• _ASSIGNED TASK_
Copy exactly. Begin at the line containing "珍贵的196个精准关键词。 这一套三步法下来，完全是一个百里挑一的结果。" and stop at the last line of the entries, omitting any pictures.
+-------+
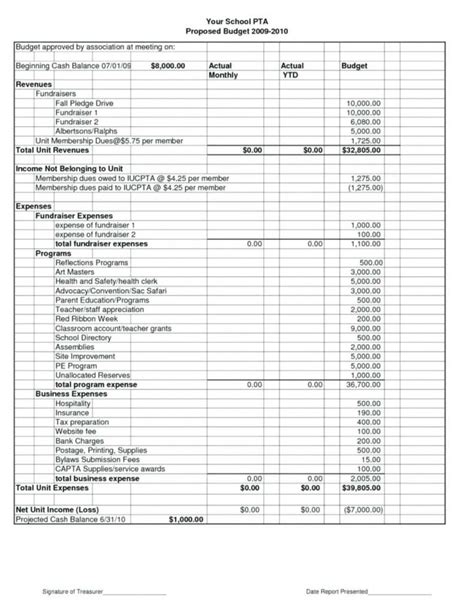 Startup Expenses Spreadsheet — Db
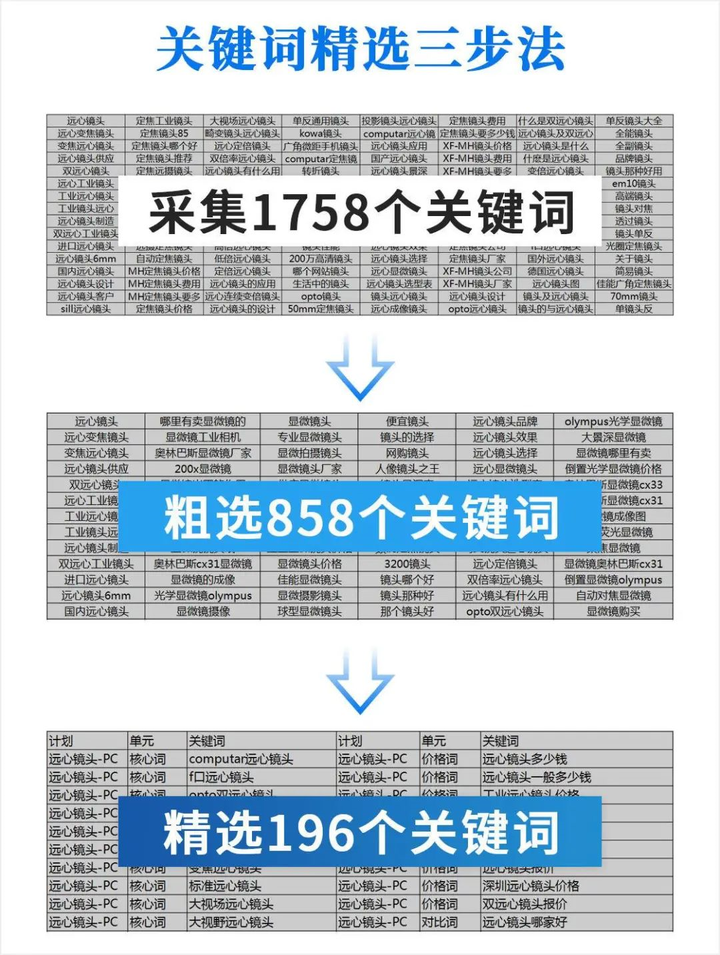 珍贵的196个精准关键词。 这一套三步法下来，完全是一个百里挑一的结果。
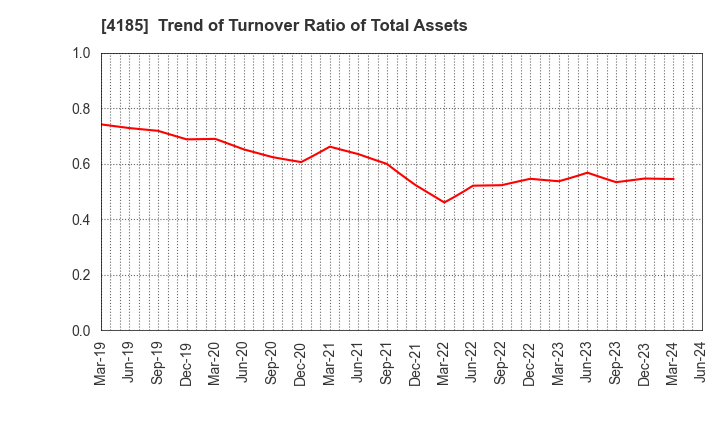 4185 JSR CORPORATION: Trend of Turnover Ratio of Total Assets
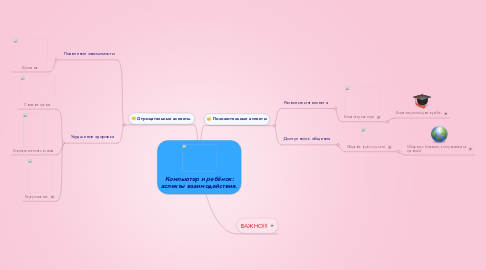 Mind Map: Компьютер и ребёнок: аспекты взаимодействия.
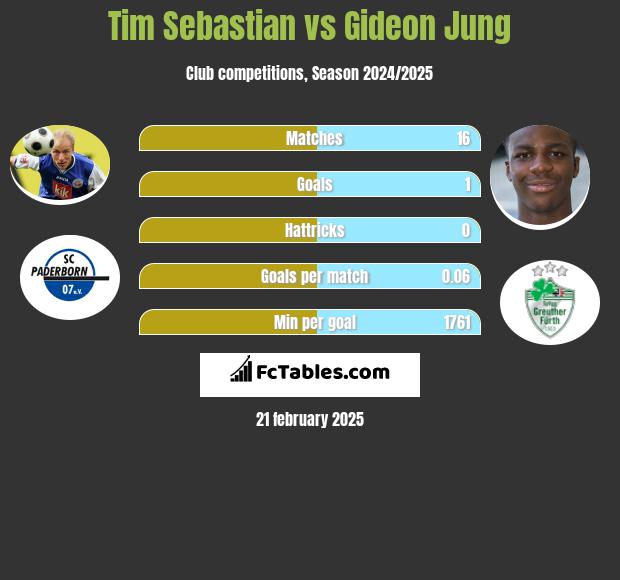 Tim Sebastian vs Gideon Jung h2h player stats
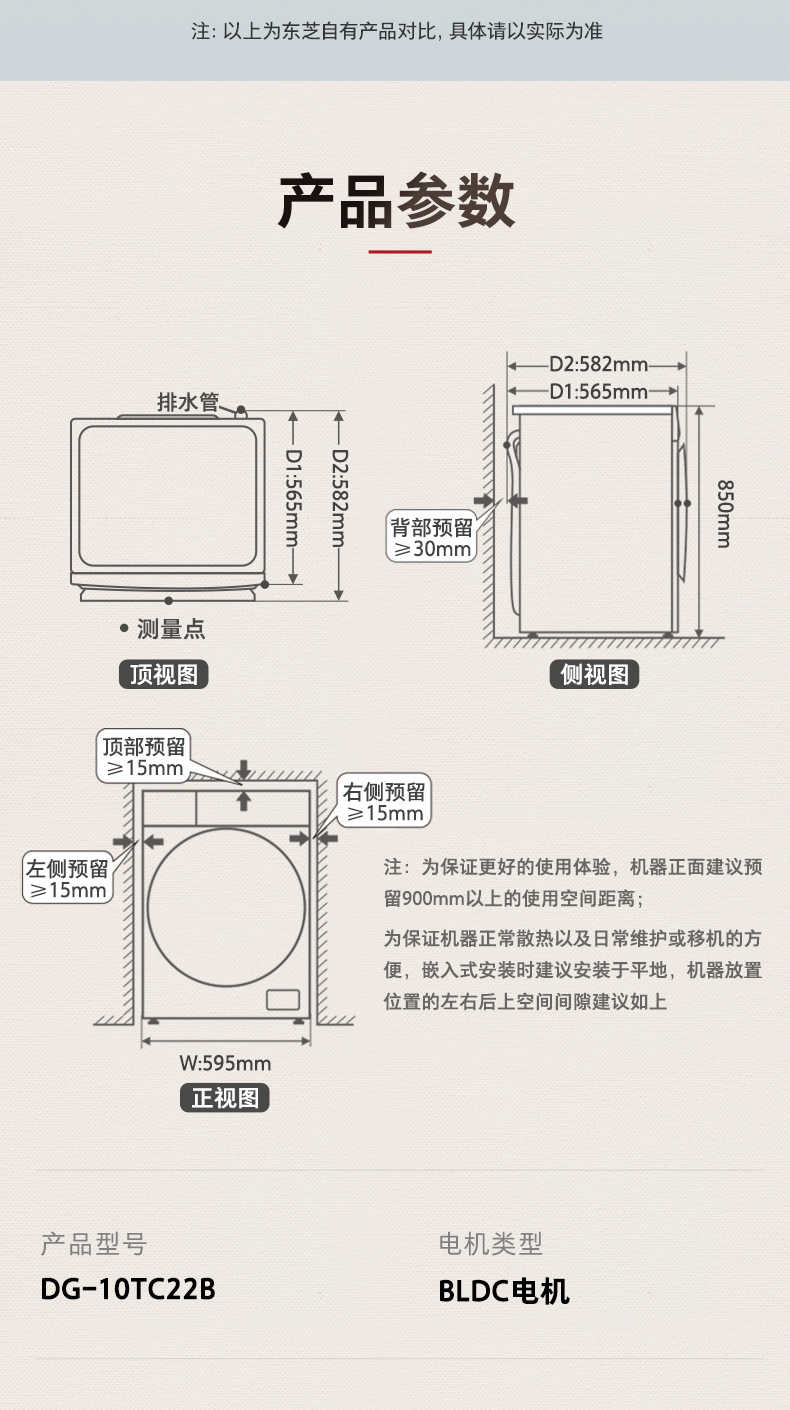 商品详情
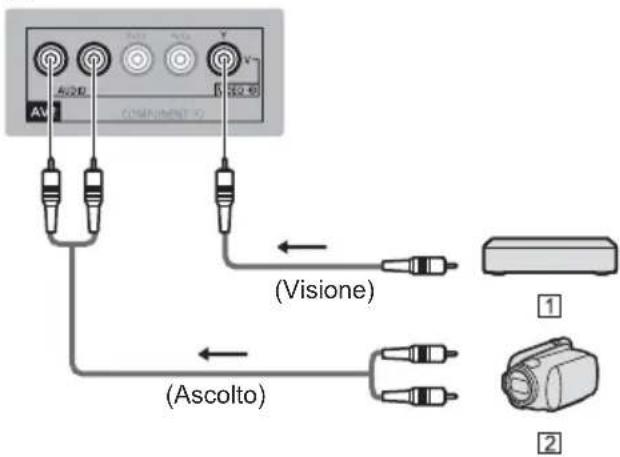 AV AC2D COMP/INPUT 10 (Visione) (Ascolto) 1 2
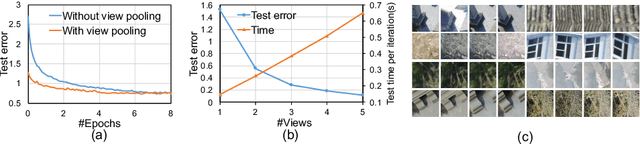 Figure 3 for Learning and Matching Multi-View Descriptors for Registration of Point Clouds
+-------+
• _REPLY TO THE TASK_
 珍贵的196个精准关键词。 这一套三步法下来，完全是一个百里挑一的结果。
 4185 JSR CORPORATION: Trend of Turnover Ratio of Total Assets
 Mind Map: Компьютер и ребёнок: аспекты взаимодействия.
 Tim Sebastian vs Gideon Jung h2h player stats
 商品详情
 AV AC2D COMP/INPUT 10 (Visione) (Ascolto) 1 2
 Figure 3 for Learning and Matching Multi-View Descriptors for Registration of Point Clouds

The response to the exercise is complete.